▶ TASK REQUIREMENTS:
Except for the pictures, output the records in full and exactly.

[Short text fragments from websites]
========

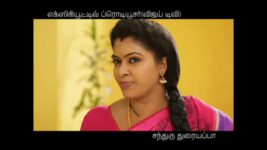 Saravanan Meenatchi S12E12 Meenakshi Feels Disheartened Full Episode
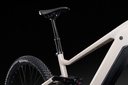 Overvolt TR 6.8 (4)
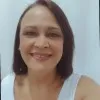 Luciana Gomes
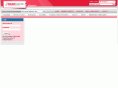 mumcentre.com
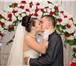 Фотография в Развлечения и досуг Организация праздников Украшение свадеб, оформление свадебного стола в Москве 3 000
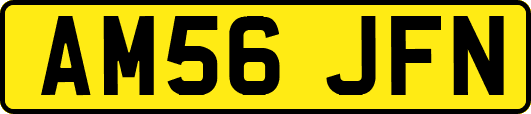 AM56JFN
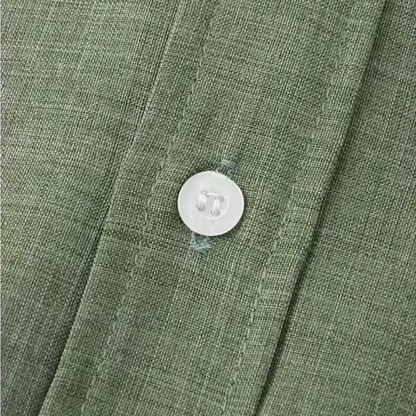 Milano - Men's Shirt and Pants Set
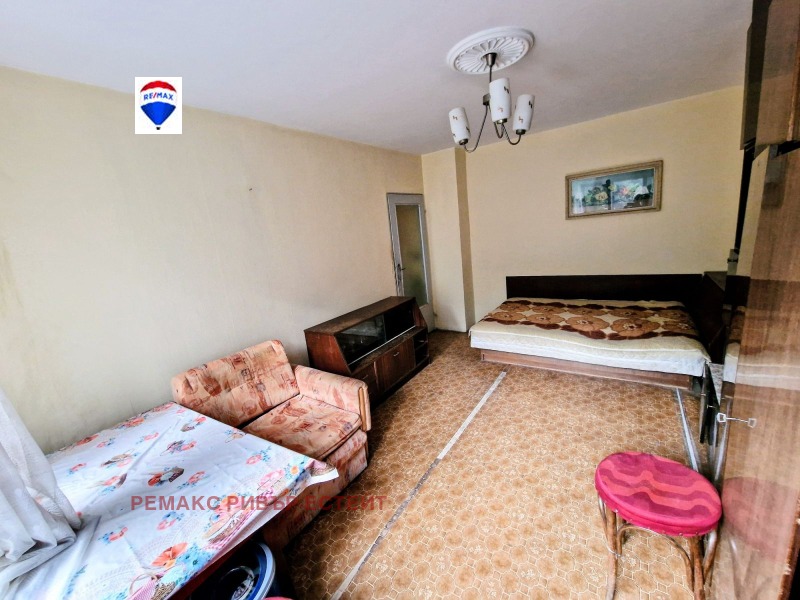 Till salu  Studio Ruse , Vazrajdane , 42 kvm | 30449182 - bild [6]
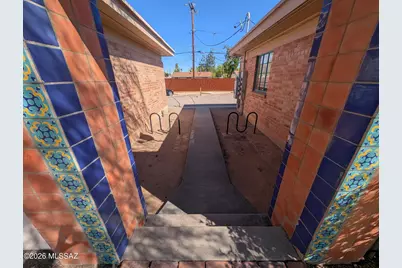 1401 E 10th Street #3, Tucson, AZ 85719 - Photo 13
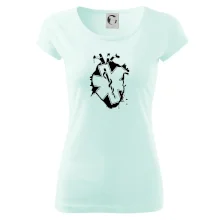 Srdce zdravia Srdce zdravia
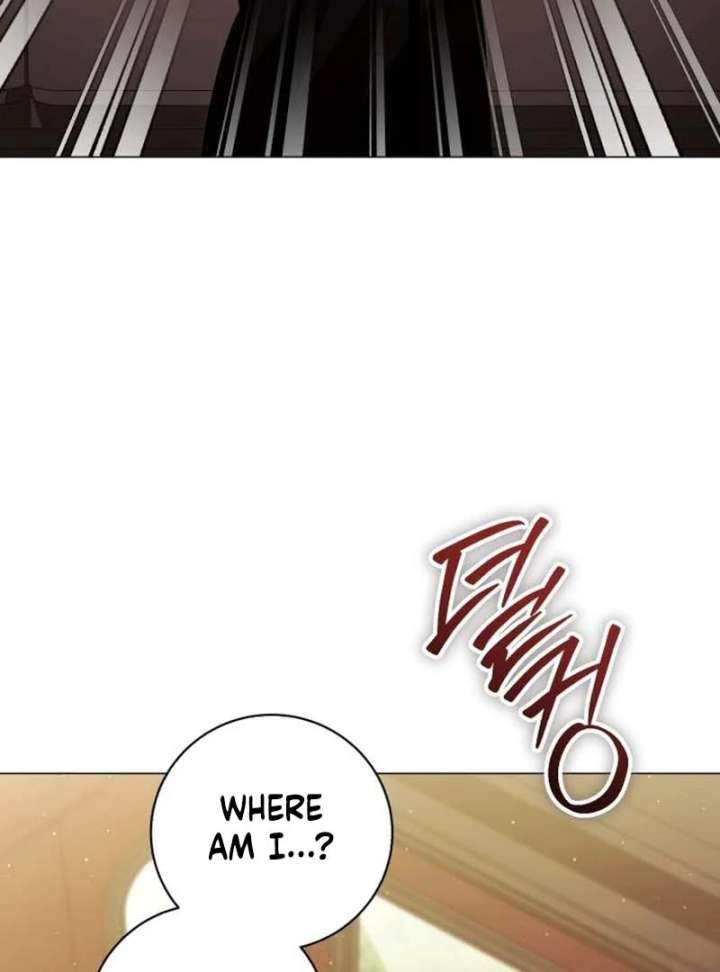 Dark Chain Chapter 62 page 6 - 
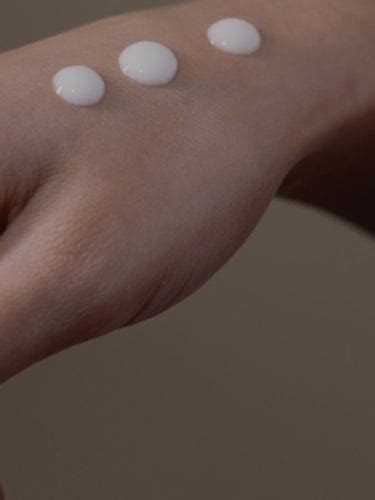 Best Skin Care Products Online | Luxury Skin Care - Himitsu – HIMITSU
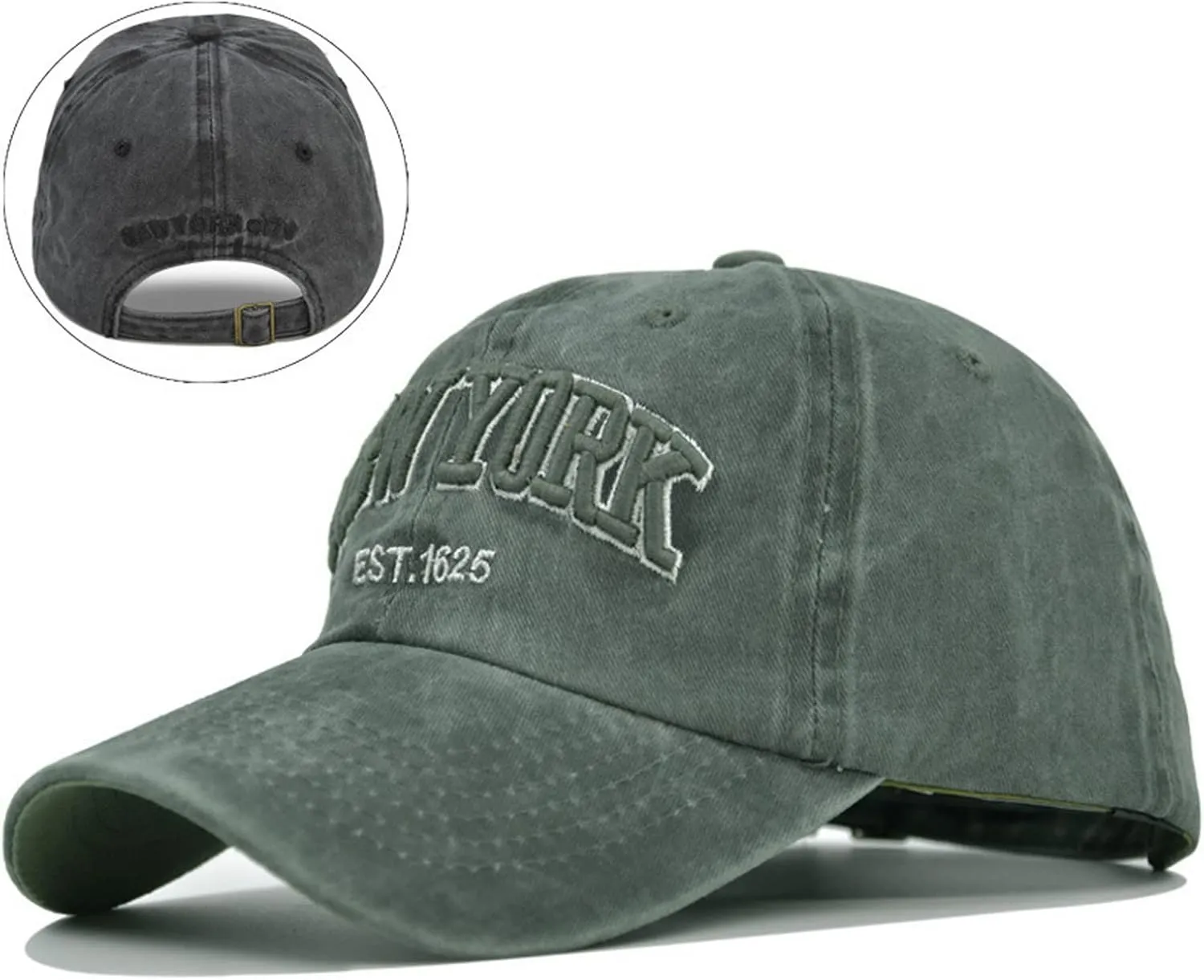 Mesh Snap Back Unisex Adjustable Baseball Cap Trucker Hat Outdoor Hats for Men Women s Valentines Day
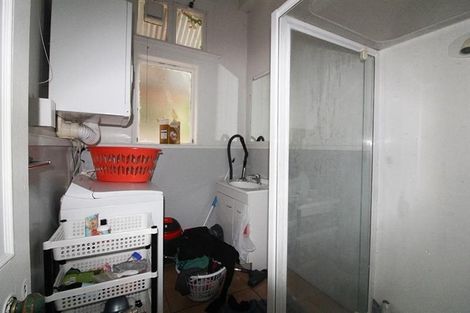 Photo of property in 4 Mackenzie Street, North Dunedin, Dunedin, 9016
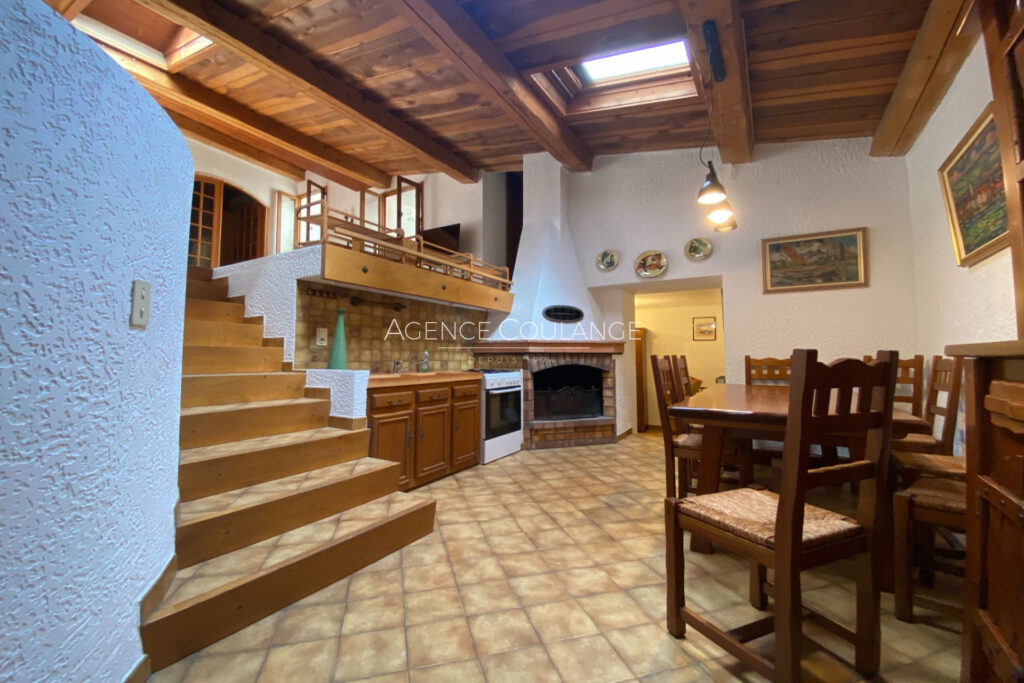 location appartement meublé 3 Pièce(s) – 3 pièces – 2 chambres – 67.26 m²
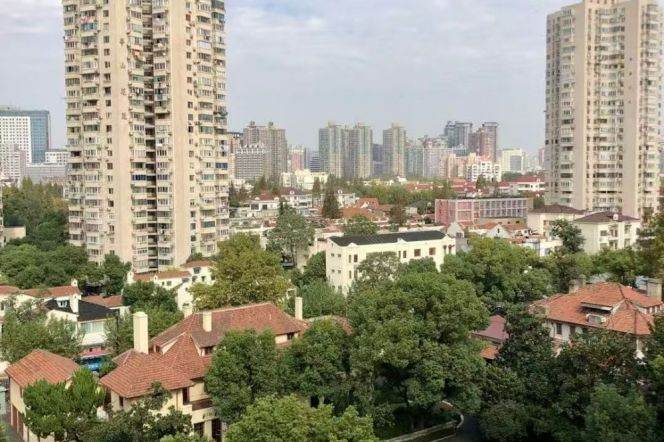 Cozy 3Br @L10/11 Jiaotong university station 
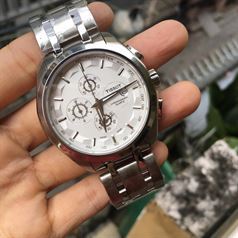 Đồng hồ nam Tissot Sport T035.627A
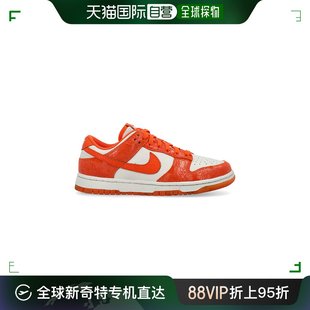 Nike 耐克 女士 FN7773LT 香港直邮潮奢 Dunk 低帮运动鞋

========

▶ EXERCISE RESPONSE:
 Saravanan Meenatchi S12E12 Meenakshi Feels Disheartened Full Episode
 Overvolt TR 6.8 (4)
 Luciana Gomes
 mumcentre.com
 Фотография в Развлечения и досуг Организация праздников Украшение свадеб, оформление свадебного стола в Москве 3 000
 AM56JFN
 Milano - Men's Shirt and Pants Set
 Till salu  Studio Ruse , Vazrajdane , 42 kvm | 30449182 - bild [6]
 1401 E 10th Street #3, Tucson, AZ 85719 - Photo 13
 Srdce zdravia Srdce zdravia
 Dark Chain Chapter 62 page 6 - 
 Best Skin Care Products Online | Luxury Skin Care - Himitsu – HIMITSU
 Mesh Snap Back Unisex Adjustable Baseball Cap Trucker Hat Outdoor Hats for Men Women s Valentines Day
 Photo of property in 4 Mackenzie Street, North Dunedin, Dunedin, 9016
 location appartement meublé 3 Pièce(s) – 3 pièces – 2 chambres – 67.26 m²
 Cozy 3Br @L10/11 Jiaotong university station 
 Đồng hồ nam Tissot Sport T035.627A
 Nike 耐克 女士 FN7773LT 香港直邮潮奢 Dunk 低帮运动鞋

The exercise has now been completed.